◆ Exercise aim
In this exercise, retype exactly the lines from the start of the entries through the line bearing "Momentet är indelat", leaving every picture out.

----------------

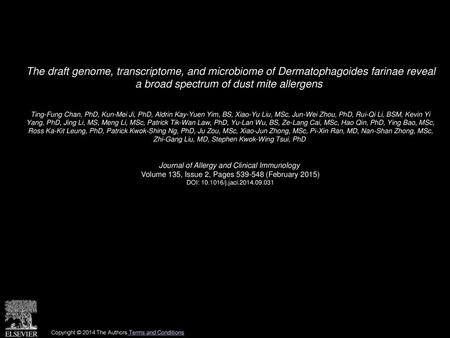 The draft genome, transcriptome, and microbiome of Dermatophagoides farinae reveal a broad spectrum of dust mite allergens  Ting-Fung Chan, PhD, Kun-Mei.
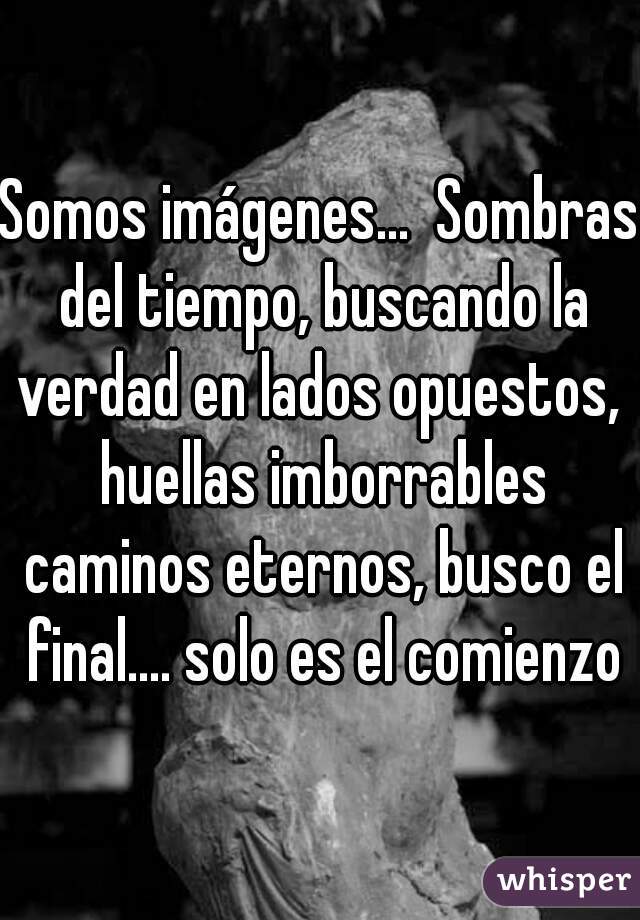 Somos imágenes...  Sombras del tiempo, buscando la verdad en lados opuestos,  huellas imborrables caminos eternos, busco el final.... solo es el comienzo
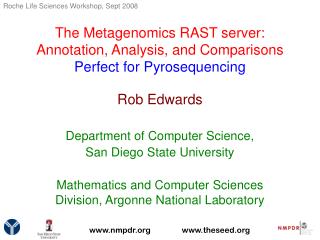 The Metagenomics RAST server: Annotation, Analysis, and Comparisons Perfect for Pyrosequencing
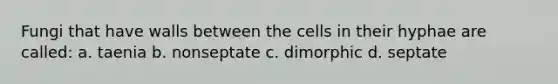 Fungi that have walls between the cells in their hyphae are called: a. taenia b. nonseptate c. dimorphic d. septate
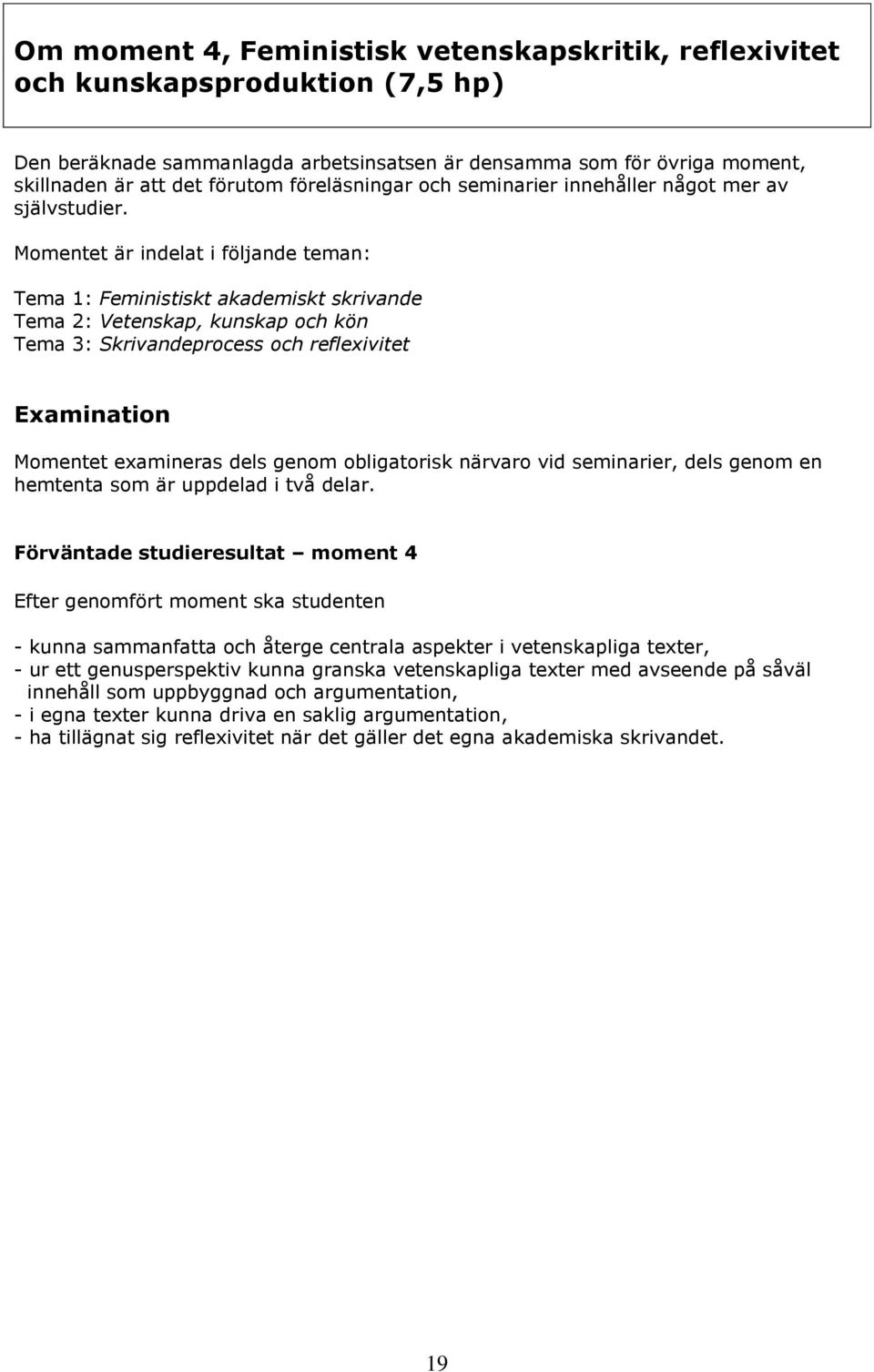 Momentet är indelat i följande teman: Tema 1: Feministiskt akademiskt skrivande Tema 2: Vetenskap, kunskap och kön Tema 3: Skrivandeprocess och reflexivitet Examination Momentet examineras dels genom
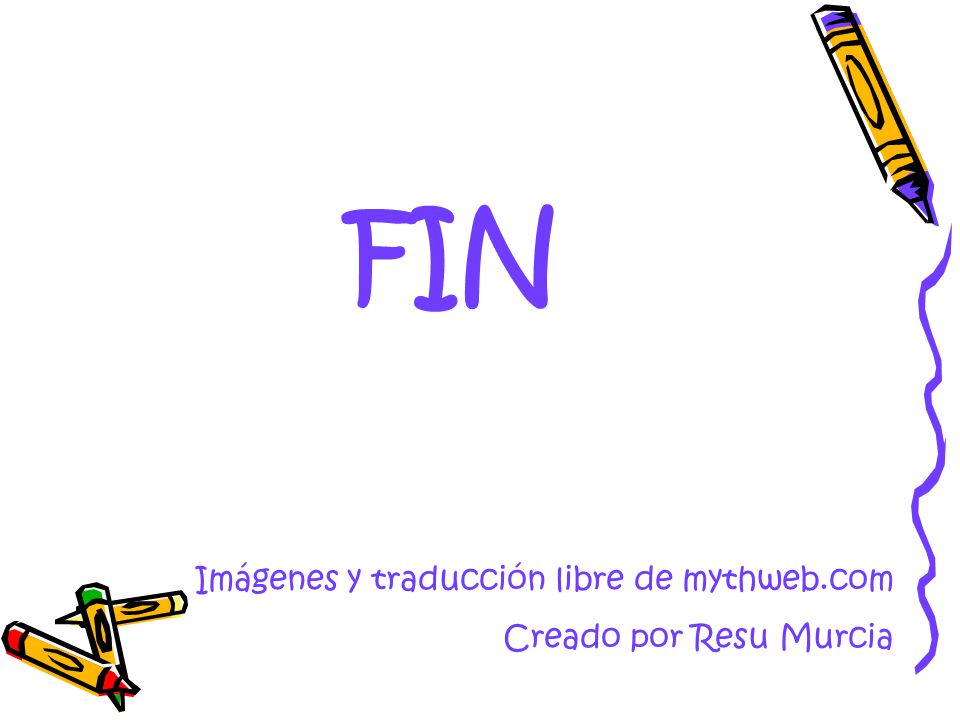 FIN Imágenes y traducción libre de mythweb.com Creado por Resu Murcia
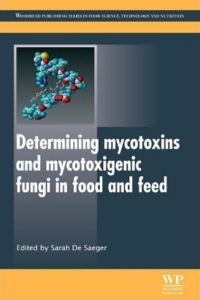 Omslagafbeelding: Determining Mycotoxins and Mycotoxigenic Fungi in Food and Feed 9781845696740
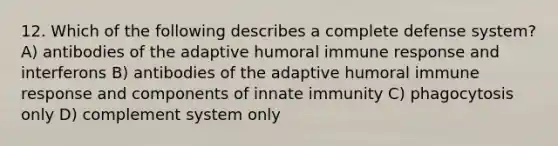 12. Which of the following describes a complete defense system? A) antibodies of the adaptive humoral immune response and interferons B) antibodies of the adaptive humoral immune response and components of innate immunity C) phagocytosis only D) complement system only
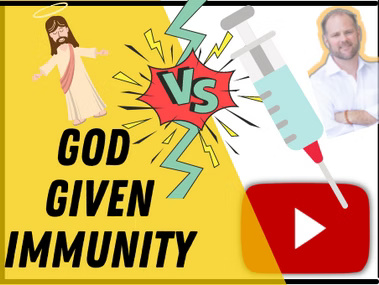 Graphic titled "God Given Immunity" comparing natural immune response to vaccine-induced immunity against viral infections.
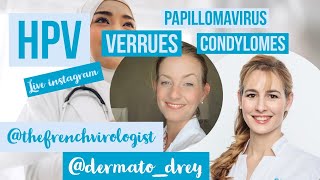 Papillomavirus  verrues condylomes tout savoir sur les HPV TheFrenchVirologist et Dermato Drey [upl. by Cappello]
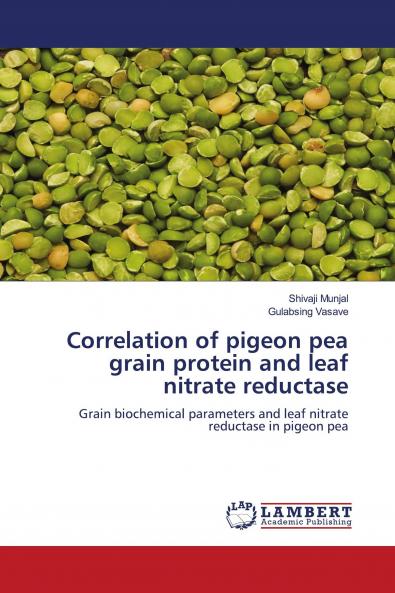 Correlation of Pigeon Pea Grain Protein and Leaf Nitrate Reductase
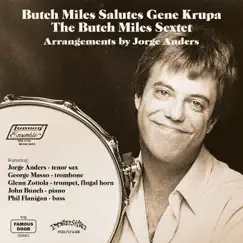 Butch Miles Salutes Gene Krupa by Butch Miles Sextet album reviews, ratings, credits
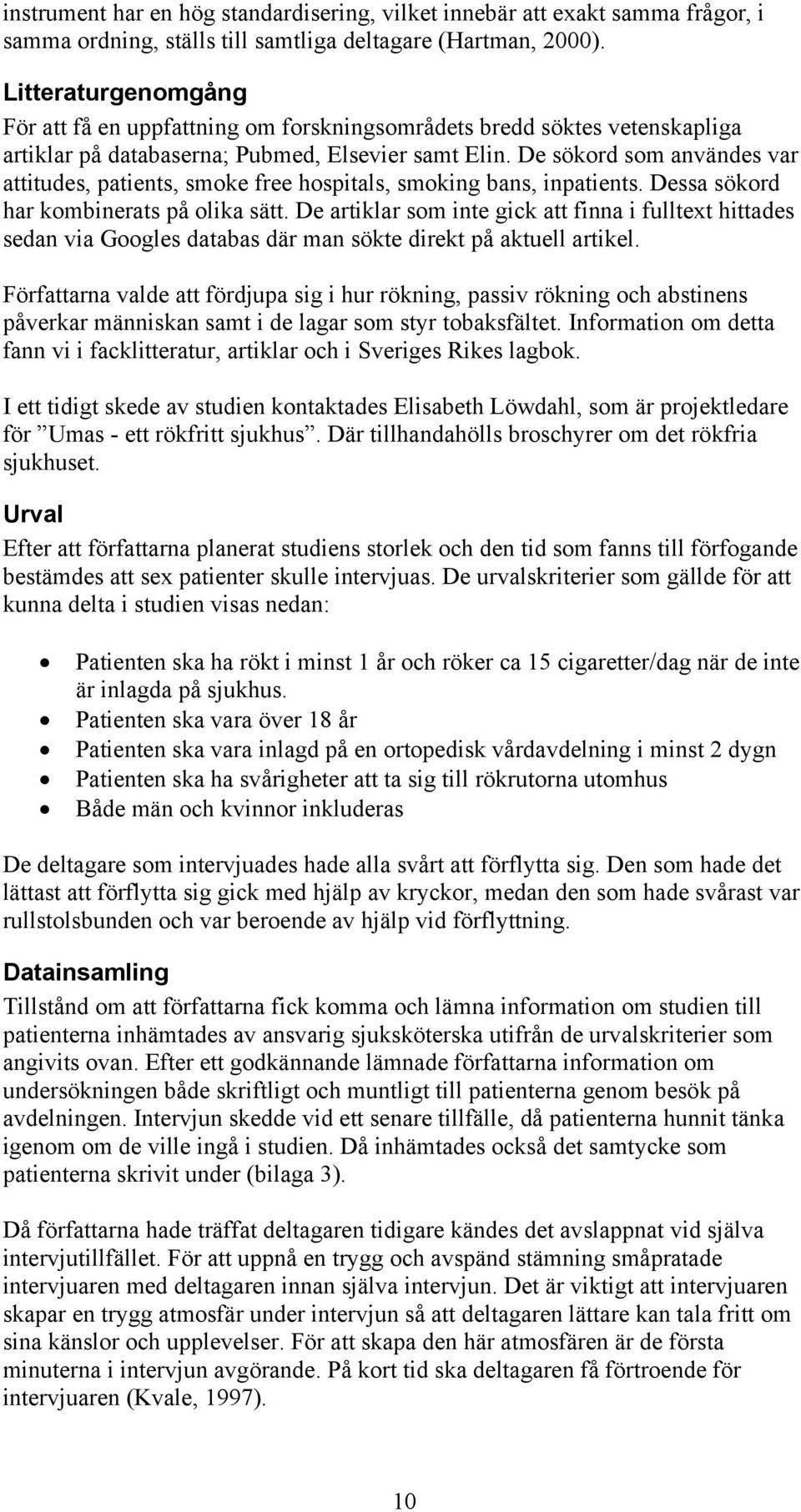 De sökord som användes var attitudes, patients, smoke free hospitals, smoking bans, inpatients. Dessa sökord har kombinerats på olika sätt.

----------------

◆ Task answer
 The draft genome, transcriptome, and microbiome of Dermatophagoides farinae reveal a broad spectrum of dust mite allergens  Ting-Fung Chan, PhD, Kun-Mei.
 Somos imágenes...  Sombras del tiempo, buscando la verdad en lados opuestos,  huellas imborrables caminos eternos, busco el final.... solo es el comienzo
 The Metagenomics RAST server: Annotation, Analysis, and Comparisons Perfect for Pyrosequencing
 Fungi that have walls between the cells in their hyphae are called: a. taenia b. nonseptate c. dimorphic d. septate
 Momentet är indelat i följande teman: Tema 1: Feministiskt akademiskt skrivande Tema 2: Vetenskap, kunskap och kön Tema 3: Skrivandeprocess och reflexivitet Examination Momentet examineras dels genom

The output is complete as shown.